I have to say that the passing of Owen and its circumstances have left me a bit tender in many ways. I think I’d like to say that, although I would not choose to end my life like he did, I find it courageous and very Owenish. He was definitely something else. And in a many ways, I found him refreshing. Indeed I am going to miss him, and with him his emails, his bluntness and daily interactions. I will also certainly miss his integrity and honesty. He truly walked the talk even when I may not have agreed with him. At least he was man enough to tell it in my face. And for this reason, I think, I liked him and came to respect him and appreciate him. He was not arrogant like some politicians I have known throughout my life. He truly cared and that is what makes the difference.
I am a man of strong beliefs and faith and yet I am a man indeed with faults and weaknesses. Although I have a sense within myself of where I think we go after this life is over, I am still sad and disappointed somewhat. To those who do not have a belief, and Owen may have been one of them, I say (and strongly encourage) to truly ponder on life and its purpose. Spirituality does not have to be organized (although there is a strong purpose in organized spirituality – one that I support wholeheartedly) but it is important. Psychiatrist Viktor Frankl taught that those, like him, who lived in Nazi concentration camps, who had a sense of purpose in life were able to withstand the horrors of their condition and to survive better, and most of the time also successfully, through their ordeal.
Well, I think that Owen would like me to tell you that life is worth living to the fullest and that we need to look inside, outside and upside for answers that sometimes we do not wish to have and that may scare us. I hope to be as courageous as he was in the face of the ultimate challenge. I know at least I have hope. Don’t be afraid to search for answers, to doubt your doubts, to add meaning to your life. Owen made the world around him better because he believed in his own purpose.

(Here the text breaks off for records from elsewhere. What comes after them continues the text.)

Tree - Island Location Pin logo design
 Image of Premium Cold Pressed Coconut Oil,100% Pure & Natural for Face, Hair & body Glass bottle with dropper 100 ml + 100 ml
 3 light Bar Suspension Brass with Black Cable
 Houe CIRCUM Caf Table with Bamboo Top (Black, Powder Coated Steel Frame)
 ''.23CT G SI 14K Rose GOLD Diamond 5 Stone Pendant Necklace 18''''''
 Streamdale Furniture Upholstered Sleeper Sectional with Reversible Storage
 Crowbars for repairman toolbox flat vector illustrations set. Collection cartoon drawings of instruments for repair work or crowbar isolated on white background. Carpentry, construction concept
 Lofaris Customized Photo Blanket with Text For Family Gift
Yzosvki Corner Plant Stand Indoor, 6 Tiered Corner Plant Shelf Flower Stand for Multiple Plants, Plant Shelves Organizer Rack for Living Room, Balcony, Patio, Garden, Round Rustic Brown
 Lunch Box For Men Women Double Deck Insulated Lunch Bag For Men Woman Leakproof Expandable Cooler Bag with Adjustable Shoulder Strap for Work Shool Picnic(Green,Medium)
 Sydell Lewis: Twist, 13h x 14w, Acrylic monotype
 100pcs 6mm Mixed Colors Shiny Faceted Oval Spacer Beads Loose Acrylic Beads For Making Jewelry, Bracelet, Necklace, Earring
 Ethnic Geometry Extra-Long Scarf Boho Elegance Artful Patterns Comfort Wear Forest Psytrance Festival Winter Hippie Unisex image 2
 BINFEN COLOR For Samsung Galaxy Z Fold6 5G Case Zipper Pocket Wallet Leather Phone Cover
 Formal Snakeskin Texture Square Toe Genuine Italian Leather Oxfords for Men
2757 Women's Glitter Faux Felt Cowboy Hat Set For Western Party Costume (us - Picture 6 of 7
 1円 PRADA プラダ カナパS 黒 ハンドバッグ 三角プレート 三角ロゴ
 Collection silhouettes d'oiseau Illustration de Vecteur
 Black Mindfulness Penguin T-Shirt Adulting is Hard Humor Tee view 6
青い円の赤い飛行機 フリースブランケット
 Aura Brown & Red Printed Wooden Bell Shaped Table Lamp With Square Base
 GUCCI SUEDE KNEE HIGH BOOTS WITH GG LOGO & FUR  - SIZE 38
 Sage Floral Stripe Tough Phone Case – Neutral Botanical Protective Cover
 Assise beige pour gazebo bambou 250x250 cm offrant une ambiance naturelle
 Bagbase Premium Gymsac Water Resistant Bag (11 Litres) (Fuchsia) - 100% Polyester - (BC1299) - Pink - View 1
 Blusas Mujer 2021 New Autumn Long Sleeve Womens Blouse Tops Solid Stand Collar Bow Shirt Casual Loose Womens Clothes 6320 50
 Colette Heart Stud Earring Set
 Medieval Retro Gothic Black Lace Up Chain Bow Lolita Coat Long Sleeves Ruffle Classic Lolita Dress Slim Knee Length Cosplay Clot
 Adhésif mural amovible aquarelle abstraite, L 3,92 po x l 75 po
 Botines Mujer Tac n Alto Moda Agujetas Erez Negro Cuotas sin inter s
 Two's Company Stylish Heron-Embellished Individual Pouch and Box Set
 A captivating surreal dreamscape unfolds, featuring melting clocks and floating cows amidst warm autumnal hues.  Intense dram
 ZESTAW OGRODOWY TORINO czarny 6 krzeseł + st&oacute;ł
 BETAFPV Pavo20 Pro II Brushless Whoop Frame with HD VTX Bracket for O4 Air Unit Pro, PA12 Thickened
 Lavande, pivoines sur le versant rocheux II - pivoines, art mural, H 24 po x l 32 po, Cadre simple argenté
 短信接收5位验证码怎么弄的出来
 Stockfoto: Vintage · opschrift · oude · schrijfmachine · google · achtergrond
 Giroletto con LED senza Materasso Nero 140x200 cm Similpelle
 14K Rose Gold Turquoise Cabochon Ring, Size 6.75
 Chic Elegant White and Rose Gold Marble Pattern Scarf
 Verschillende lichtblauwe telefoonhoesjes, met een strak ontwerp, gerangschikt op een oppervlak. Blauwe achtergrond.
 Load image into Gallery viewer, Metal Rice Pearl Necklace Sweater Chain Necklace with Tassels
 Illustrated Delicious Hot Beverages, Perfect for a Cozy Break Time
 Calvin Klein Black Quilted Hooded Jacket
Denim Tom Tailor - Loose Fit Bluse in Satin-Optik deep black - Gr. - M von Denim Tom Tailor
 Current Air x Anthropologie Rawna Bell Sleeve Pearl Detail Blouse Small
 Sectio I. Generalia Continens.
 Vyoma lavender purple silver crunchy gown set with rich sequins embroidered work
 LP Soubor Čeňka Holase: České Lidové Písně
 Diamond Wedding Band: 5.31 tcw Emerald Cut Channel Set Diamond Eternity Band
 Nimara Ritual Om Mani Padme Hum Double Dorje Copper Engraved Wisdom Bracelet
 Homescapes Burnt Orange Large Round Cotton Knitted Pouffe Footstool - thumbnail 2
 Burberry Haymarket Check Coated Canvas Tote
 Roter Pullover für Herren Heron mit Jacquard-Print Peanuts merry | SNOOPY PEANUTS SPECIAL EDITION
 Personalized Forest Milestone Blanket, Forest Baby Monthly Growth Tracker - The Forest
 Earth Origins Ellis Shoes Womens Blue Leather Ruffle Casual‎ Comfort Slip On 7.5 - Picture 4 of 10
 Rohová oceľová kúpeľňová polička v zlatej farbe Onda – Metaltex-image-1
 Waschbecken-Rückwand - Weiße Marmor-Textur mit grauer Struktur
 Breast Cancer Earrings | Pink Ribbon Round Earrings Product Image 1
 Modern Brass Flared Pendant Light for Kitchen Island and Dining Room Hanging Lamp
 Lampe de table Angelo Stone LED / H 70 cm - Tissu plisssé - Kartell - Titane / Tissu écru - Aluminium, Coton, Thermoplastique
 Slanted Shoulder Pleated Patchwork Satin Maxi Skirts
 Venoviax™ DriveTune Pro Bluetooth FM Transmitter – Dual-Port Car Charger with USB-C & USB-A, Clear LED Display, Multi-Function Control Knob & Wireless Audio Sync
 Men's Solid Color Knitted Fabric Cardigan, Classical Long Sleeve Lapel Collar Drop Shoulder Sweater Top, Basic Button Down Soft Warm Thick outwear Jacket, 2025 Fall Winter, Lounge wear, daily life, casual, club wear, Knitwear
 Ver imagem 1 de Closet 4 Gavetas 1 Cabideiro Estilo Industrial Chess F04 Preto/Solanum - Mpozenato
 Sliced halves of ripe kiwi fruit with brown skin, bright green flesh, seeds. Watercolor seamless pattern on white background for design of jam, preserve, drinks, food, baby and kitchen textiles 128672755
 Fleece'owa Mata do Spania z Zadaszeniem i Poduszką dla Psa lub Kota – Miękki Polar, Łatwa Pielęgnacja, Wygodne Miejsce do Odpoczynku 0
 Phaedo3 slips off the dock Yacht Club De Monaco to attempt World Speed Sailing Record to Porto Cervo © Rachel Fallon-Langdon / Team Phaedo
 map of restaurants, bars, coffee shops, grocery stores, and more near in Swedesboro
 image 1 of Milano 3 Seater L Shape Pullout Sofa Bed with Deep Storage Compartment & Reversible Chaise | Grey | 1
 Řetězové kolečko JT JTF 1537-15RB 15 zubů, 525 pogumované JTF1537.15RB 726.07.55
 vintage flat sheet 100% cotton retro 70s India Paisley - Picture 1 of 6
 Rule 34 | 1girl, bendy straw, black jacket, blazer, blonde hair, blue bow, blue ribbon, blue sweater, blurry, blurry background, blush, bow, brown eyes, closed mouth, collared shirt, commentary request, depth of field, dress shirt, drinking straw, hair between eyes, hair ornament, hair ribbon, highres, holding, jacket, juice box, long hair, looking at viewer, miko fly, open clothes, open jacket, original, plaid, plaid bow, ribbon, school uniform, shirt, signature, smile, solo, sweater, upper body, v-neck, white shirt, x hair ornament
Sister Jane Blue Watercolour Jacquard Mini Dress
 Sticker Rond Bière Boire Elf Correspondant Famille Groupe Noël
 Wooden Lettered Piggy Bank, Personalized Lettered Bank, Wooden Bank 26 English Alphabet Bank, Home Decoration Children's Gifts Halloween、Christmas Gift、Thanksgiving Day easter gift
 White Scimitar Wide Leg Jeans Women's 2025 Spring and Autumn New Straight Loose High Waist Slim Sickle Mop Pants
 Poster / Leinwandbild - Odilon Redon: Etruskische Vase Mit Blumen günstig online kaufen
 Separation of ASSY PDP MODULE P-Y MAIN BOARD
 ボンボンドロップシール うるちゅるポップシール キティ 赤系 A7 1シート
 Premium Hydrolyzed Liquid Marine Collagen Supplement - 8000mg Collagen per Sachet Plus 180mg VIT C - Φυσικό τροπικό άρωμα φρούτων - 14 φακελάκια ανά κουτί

“And ye will not have a mind to injure one another, but to live peaceably, and to render to every man according to that which is his due. And ye will not suffer your children that they go hungry, or naked; neither will ye suffer that they fight and quarrel one with another.But ye will teach them to walk in the ways of truth and soberness; ye will teach them to love one another, and to serve one another. And also, ye yourselves will succor those that stand in need of your succor; ye will administer of your substance unto him that standeth in need; and ye will not suffer that the beggar putteth up his petition to you in vain, and turn him out to perish” (Mosiah 4:13-16 – The Book of Mormon).